There are many things to fear. We are taught and reminded and encouraged to fear what we don’t know, who we don’t know and to never ask questions about the things about which we are told to be afraid. The things we should be afraid of – car accidents and sitting at desks – are trumped (or are Trump) by hyperbolic headlines of xenophobia and a capitalist impulse to make us buy our way out of anxiety.
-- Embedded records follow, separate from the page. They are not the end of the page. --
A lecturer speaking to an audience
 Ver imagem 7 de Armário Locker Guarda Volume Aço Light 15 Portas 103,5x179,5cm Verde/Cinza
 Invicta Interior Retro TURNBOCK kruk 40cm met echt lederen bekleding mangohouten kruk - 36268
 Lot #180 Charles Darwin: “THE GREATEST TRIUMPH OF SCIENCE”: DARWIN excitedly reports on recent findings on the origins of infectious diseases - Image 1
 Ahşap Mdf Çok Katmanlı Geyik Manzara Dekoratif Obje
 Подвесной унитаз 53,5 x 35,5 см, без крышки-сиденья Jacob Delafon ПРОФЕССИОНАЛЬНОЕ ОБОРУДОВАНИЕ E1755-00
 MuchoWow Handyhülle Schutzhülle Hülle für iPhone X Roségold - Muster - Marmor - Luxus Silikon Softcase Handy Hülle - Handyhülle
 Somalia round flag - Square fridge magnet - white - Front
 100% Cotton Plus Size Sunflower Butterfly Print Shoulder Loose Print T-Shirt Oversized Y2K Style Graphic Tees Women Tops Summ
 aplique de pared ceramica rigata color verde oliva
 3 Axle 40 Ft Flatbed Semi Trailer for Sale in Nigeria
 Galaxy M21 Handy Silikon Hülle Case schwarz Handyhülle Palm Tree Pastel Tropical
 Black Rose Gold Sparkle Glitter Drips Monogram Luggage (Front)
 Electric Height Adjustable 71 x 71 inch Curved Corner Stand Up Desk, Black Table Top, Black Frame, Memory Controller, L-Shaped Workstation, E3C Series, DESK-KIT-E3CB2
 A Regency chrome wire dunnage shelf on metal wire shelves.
Michael Christie’s excellent, If I Fall, if I die (which until now I remembered as ‘If I Fall, I die’ – a telling slip of my memory) asks us to reconsider how we come to be afraid and the bravery of encountering those fears (and what motivates us to do so: loyalty, love, stubbornness).
Our story follows Will (a clever naming as so much of the character is about choice, what he will do and what he wills himself to do) and his mother, who experiences agoraphobia, along with many other and cascading fears, to a degree that she raises Will within her childhood home in Thunder Bay. The plot takes off when, in the first chapter, Will finds himself Outside and begins realizing the way his mother has constructed their world as one filled with fear bears little relationship to the reality of what is, or should be, threatening.
The novel’s exploration of the way fear is made (rather than natural or inherent) is fascinating. In one scene Will is attacked by a wolf (for real) and because his sense of what should be frightening has been so skewed he doesn’t seem to realize that a wolf. attack. is the sort of thing one really ought to get a raised heart rate about. The novel takes on questions of the social construction of fear in little ways (why are we expected to fear teenagers on skateboards?) to big fear (the circulating anxieties about race, poverty and mental illness that have material and ideological consequences for those we make objects of fear and those who fear them). It is a sophisticated at yet propulsive exploration of the emotion/state of fear.
It is also decidedly Canadian literature in its setting and theme (*cough* Survival!). Thunder Bay and the politics (of fear) around indigenous land claims and resource extraction are at once particular to the setting, but made wider points of consideration in the exploration of how such fear is created and perpetrated by state officials (the police and schools, in particular) and economic/social policies. The first few chapters had the feel of a somewhat over-workshopped first novel with abundant similes and hamfisted diction, but either Christie eased up, or I got used to the style and stopped be distracted by the writing (I might even go so far as to say I found some sentences well observed. Might).
All this to say you’d do well to pick this one up. I suspect Chapters will put it on Heather’s list, or someone will put it on your Books to Read This Summer because it’s hard to not enjoy the story (the characters are loveable and peculiar in ways that make them objects of fascination: how unusual! agoraphobia!). I’d urge you to look past what could be construed as a plot gimmick, to see that the book is about a whole lot more.